Prove that for any set containing $2047$ positive integers, there exists $1024$ positive integers in the set such that the sum of these positive integers is divisible by $1024$.
Problem
Source: 2015 Taiwan TST Round 1 Quiz 2 Problem 1
Tags: Taiwan, combinatorics, Taiwan TST 2015
12.07.2015 14:59
This is Erdos-Ginzburg-Ziv Theorem with $n=1024$. Erdos-Ginzburg-Ziv Theorem: For any set of $2n-1$ positive integers, there exists $n$ positive integers in the set such that the sum of these positive integers is divisible by $n$ This theorem is trivial for $n=2$. Claim: If this theorem is true for $n=a$ and $n=b$, it is also true for $n=ab$. Proof. Take $a$ numbers from $2ab-1$ numbers $2b-1$ times so that each time, the sum of the $a$ numbers taken is a multiple of $a$. We can do this because this theorem is true for $n=a$. Since there are $2b-1$ numbers, we can choose $b$ of them so the sum of those $b$ numbers are a multiple of $b$. So in total, we chose $ab$ numbers so that the sum of those numbers is a multiple of $ab$. $\blacksquare$ Therefore, it holds for $n=1024$. $\blacksquare$
02.01.2016 17:53
if we replace 1024 into n , 2047 into 2n-1 is the problem still correct ??
02.01.2016 20:47
andywu wrote: if we replace 1024 into n , 2047 into 2n-1 is the problem still correct ?? Did you not read the above post...
08.01.2020 22:25
Alternative Proof: Claim: Let S be a set of integers such that $|S|=2^n - 1$, Then there is a subset T of S such that $|T|=2^{n-1}$ and $2^{n-1}$ divides the sum of the elements of T. Proof: We prove this by induction on n.

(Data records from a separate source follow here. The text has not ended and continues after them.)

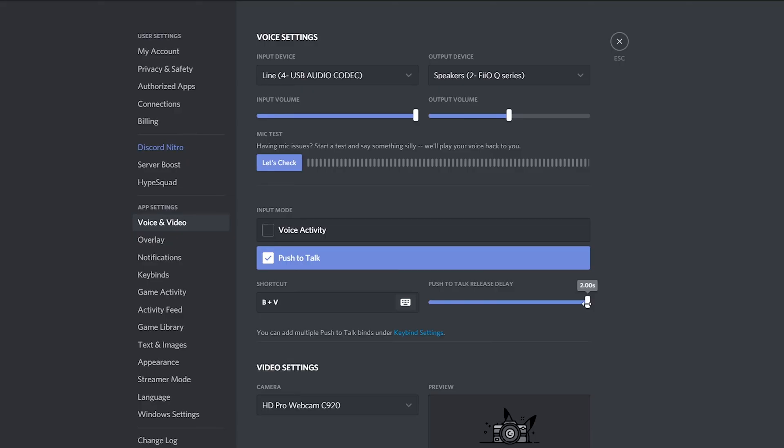Anyway guys, it's that easy to enable or disable push to talk on Discord. If you guys enjoyed this tutorial be sure to drop a like, subscribe if you're new, check out the other videos on the channel. I'm going to be leaving a link down below to my PayPal if you found these videos helpful and you want to support me. Anyway guys, thank you so much for watching. Until next time, as always, keep it saucy. Peace.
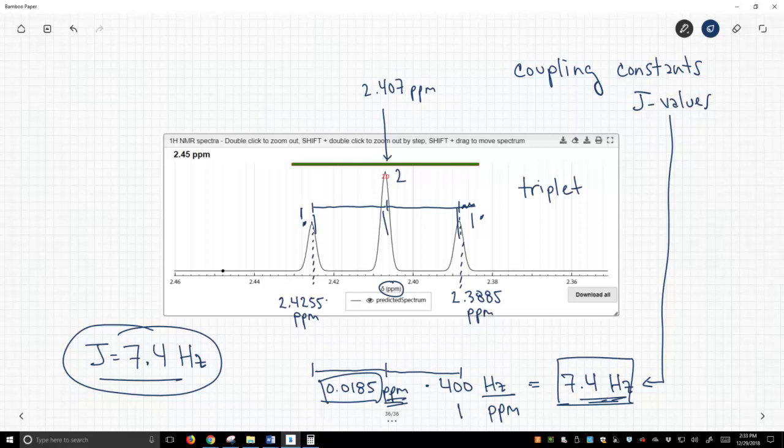And it's a way to report, here's what my spectrum looks like. I got a triplet. The triplet should have a J-value of 7.4. If you make the same molecule and you take the NMR, you should also get a triplet with a J-value of 7.4 hertz. So, this is a very characteristic value that relates to the properties of the molecules we make, and it's a very useful way to communicate structural features when we talk about NMR data.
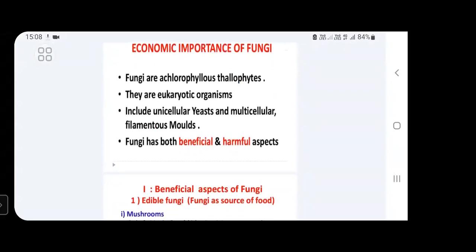First, let us discuss the definition of fungi. Fungi are thallophytes — plant bodies in the form of thallus. These are chlorophyll-less thallophytes, meaning there is no chlorophyll in the plant body. Fungi are eukaryotic organisms, having a true nucleus.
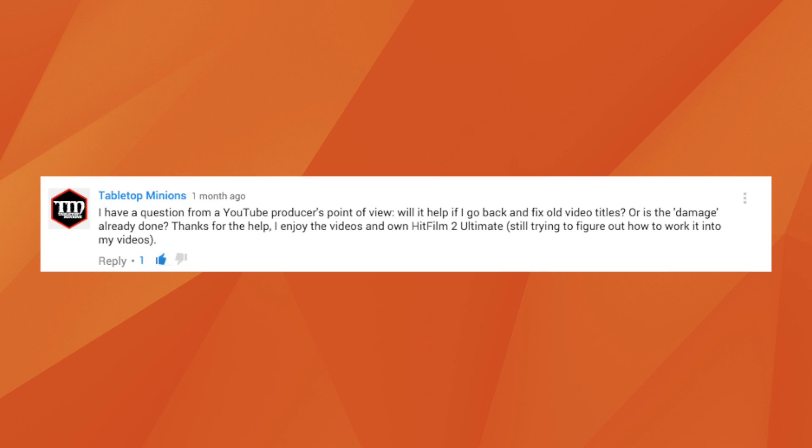Tabletop Minions asks: I have a question from a YouTube producer's point of view — will it help if I go back and fix old video titles, or is the damage already done? Don't worry about any damage you think you might have done to your channel if you didn't have optimized videos to start with. YouTube actually encourages you to go back and optimize old videos by changing the description, the title, and the thumbnails, because it'll help with your videos being found in search results and bringing in new subscribers. The video we've already made about the YouTube algorithm will show you how to optimize your titles and descriptions.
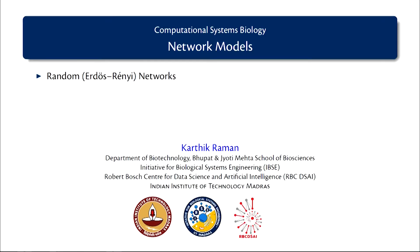In today's video, we move on to network models and motivate why we need network models and look at a very interesting random network model which was proposed by Erdős and Rényi.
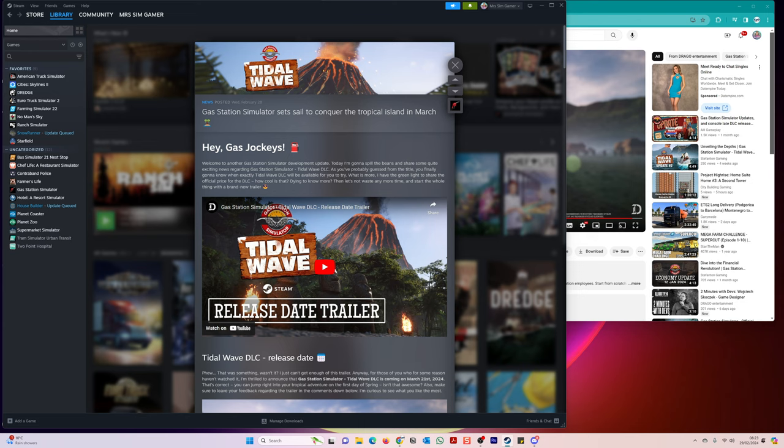It looks like you're going to be selling extra items, it's going to be very cool. But let's read what they have to say. Hey gas jockeys, welcome to another Gas Station Simulator development update. Today, which was yesterday, I'm going to spill the beans and share some quite exciting news regarding Gas Station Simulator Tidal Wave DLC.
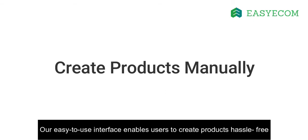Alternatively, you can choose to create products manually. Our easy-to-use interface enables users to create products in EZECOM hassle-free.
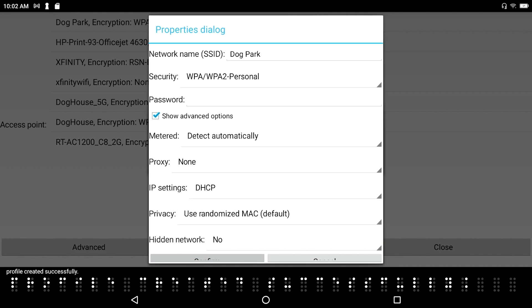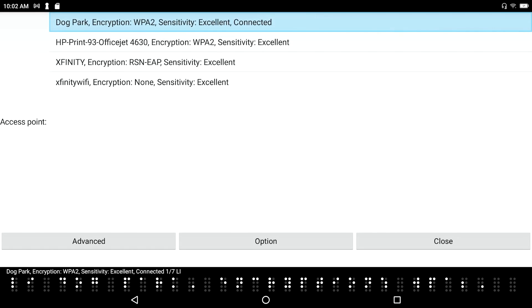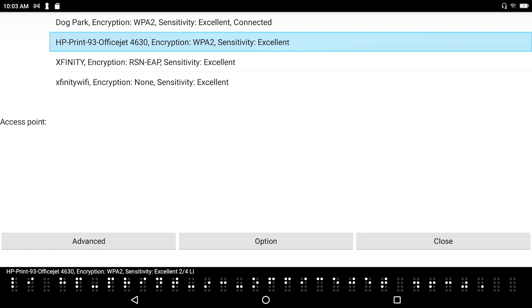Profile created successfully. Connecting to Dog Park. Connected to Dog Park. Profile Dog Park 1-1 list item. And I hear that I'm still in my advanced dialog because I see my list of profiles in which there's only one item. Dog Park. Encryption. WPA 2. So I pressed F4 to back out to my list of available networks.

Note that $n=2$ is trivial. Suppose it is true for $n=k$. So in Set S choose 2 disjoint sets of $2^{k}-1$ numbers. By induction Hypothesis there exists : $A=\{A_1,A_2,....,A_{2^{k-1}}\} ; B=\{B_1,B_2,....,B_{2^{k-1}}\}$ such that : $2^{k-1}\vert A_1+A_2+.... A_{2^{k-1}}$ and $2^{k-1} \vert B_1+B_2+ ...... B_{2^{k-1}}$ Let $A_1+A_2+.... A_{2^{k-1}}=A2^{k-1}$ and $B_1+B_2+ ...... B_{2^{k-1}}=B 2^{k-1}$ Now let $X=\{A_1,A_2,....,A_{2^{k-1}},B_1,B_2,....,B_{2^{k-1}}\}$. Note that $|S/X|=2^k$ . So again there exists a subset C of S disjoint with A and B such that : $C=\{C_1,C_2,....,C_{2^{k-1}}\}$ and $2^{k-1}\vert C_1+C_2+.... C_{2^{k-1}}$ Let $C_1+C_2+.... C_{2^{k-1}}=C 2^{k-1}$. Now by PHP some 2 of A,B,C have same parity. WLOG A and B have same parity. Then $2^k \vert A_1+A_2+.... A_{2^{k-1}}+B_1+B_2+ ...... B_{2^{k-1}}$. So X is the desired set. This completes our induction step. So the claim is proved. Now note that n=11 in the claim gives us the desired result.